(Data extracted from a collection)

=== Begin Enclosure ===

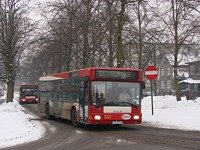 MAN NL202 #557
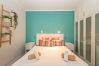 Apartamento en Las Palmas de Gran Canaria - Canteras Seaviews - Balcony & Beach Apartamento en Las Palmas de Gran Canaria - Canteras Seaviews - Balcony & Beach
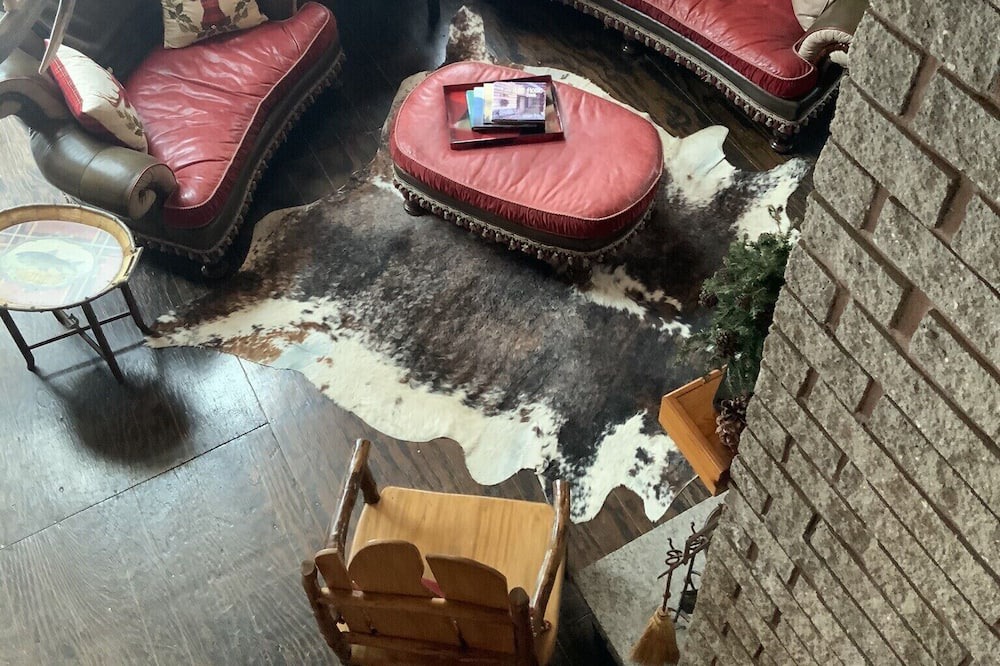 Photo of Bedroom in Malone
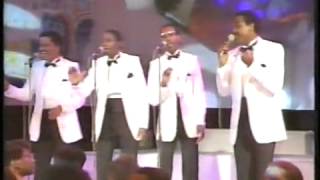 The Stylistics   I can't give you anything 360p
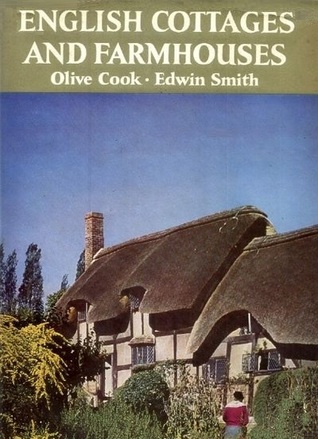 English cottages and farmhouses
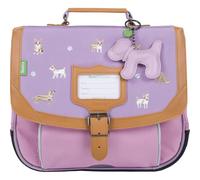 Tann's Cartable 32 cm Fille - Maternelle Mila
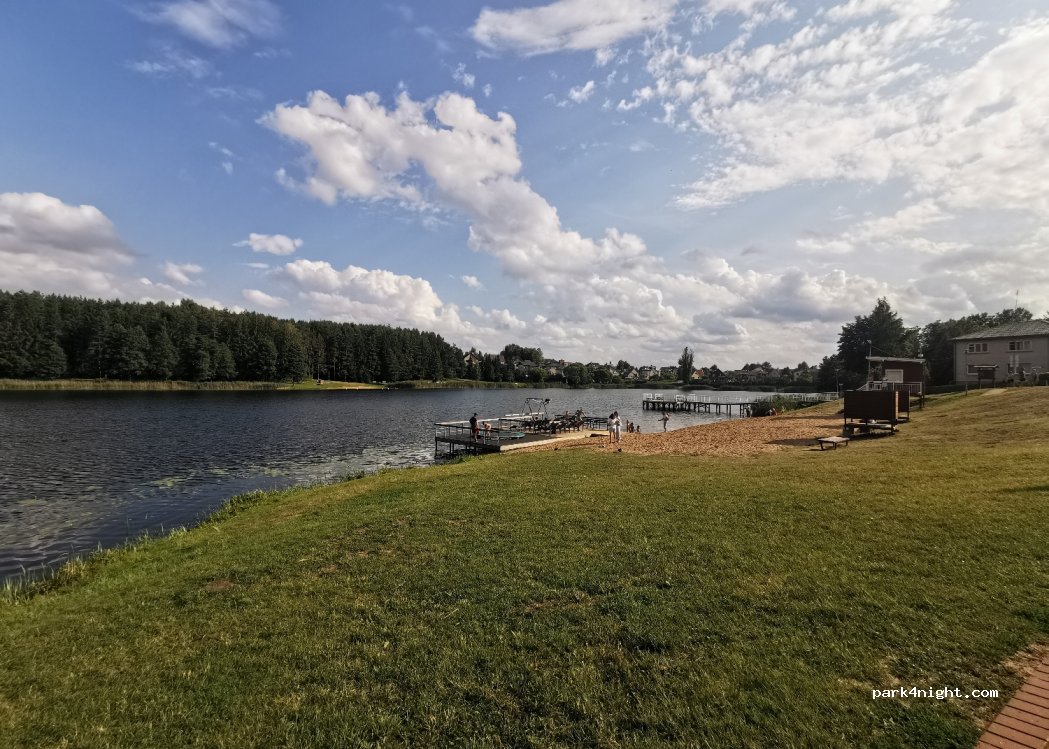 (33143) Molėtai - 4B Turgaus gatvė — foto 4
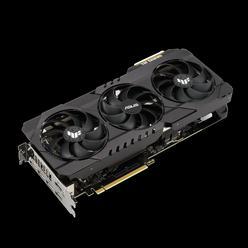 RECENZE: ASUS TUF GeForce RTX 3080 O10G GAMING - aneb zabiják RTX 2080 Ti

=== End Enclosure ===

ACTION ITEM. Repeat the data word for word. Images are not part of the copy.

FINISHED EXERCISE.
 MAN NL202 #557
 Apartamento en Las Palmas de Gran Canaria - Canteras Seaviews - Balcony & Beach Apartamento en Las Palmas de Gran Canaria - Canteras Seaviews - Balcony & Beach
 Photo of Bedroom in Malone
 The Stylistics   I can't give you anything 360p
 English cottages and farmhouses
 Tann's Cartable 32 cm Fille - Maternelle Mila
 (33143) Molėtai - 4B Turgaus gatvė — foto 4
 RECENZE: ASUS TUF GeForce RTX 3080 O10G GAMING - aneb zabiják RTX 2080 Ti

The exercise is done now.